Exploring Strategies for Improving Vocabulary Retention in ESOL Learners

New College Durham

Trauma can seriously affect memory, making the ability to learn a new language even more difficult. What can we do to help those affected? Our project looked at ways to reduce anxiety and strategies to help our ESOL learners remember how to use vocabulary confidently and accurately.

You can download a PDF of this report on the Excellence Gateway.


New College Durham is an FE college serving Durham city and the surrounding area. We offer a range of diverse courses including ESOL classes for adults and 16 to 18-year-olds.

We have noticed that many of the ESOL learners have problems retaining knowledge, often manifesting in poor retrieval of vocabulary or little progress being made in spelling work. Learners can become frustrated as they perceive their progress to be slow, and they are keen to move on to further study or employment but feel hindered by their poor language skills. This in turn can impact on confidence and self-esteem so it becomes more than just a language issue. Our project looked at strategies to aid retention and recall in conjunction with a selection of mindfulness strategies to improve language outcomes and learner confidence.


Over the first national lock down, many ESOL staff attended CPD sessions run by the British Council looking at the effect of trauma on learning. (British Council 2020). We know that trauma can have a negative impact on brain function (Van Der Kolk 2014) and it follows that this can lead to poor learning outcomes for particular groups of learners.

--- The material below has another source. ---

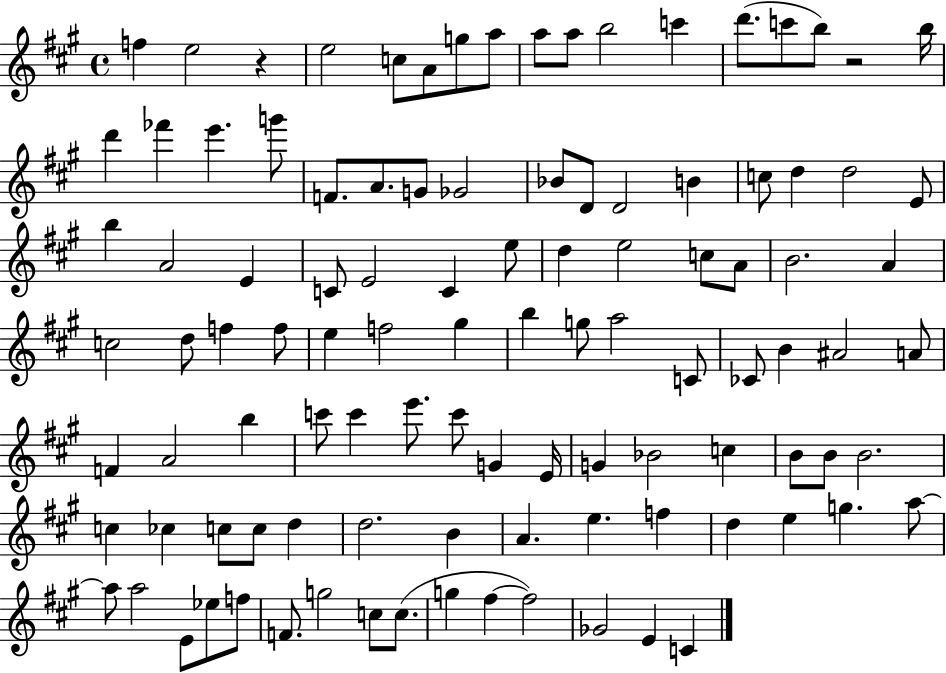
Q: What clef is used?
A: treble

A significant number of the learners we work with have experienced trauma of some kind. We work with both adult refugees and unaccompanied asylum-seeking children, many of whom have fled war.

We have seen groups of learners not making the progress we would expect, often regardless of their own educational background. This can lead to feelings of frustration for them, and a lowering of their self- esteem and confidence.

We felt inspired to explore this area and see if we could introduce strategies into our teaching to strengthen the learners’ memory function, and thereby support them better in their learning journeys. Initially, we looked at general memory, but as the project progressed, we realised that this was too broad. We therefore narrowed it down to vocabulary retention with a particular emphasis on spelling as we identified this as an area which most of the learners had weaknesses in.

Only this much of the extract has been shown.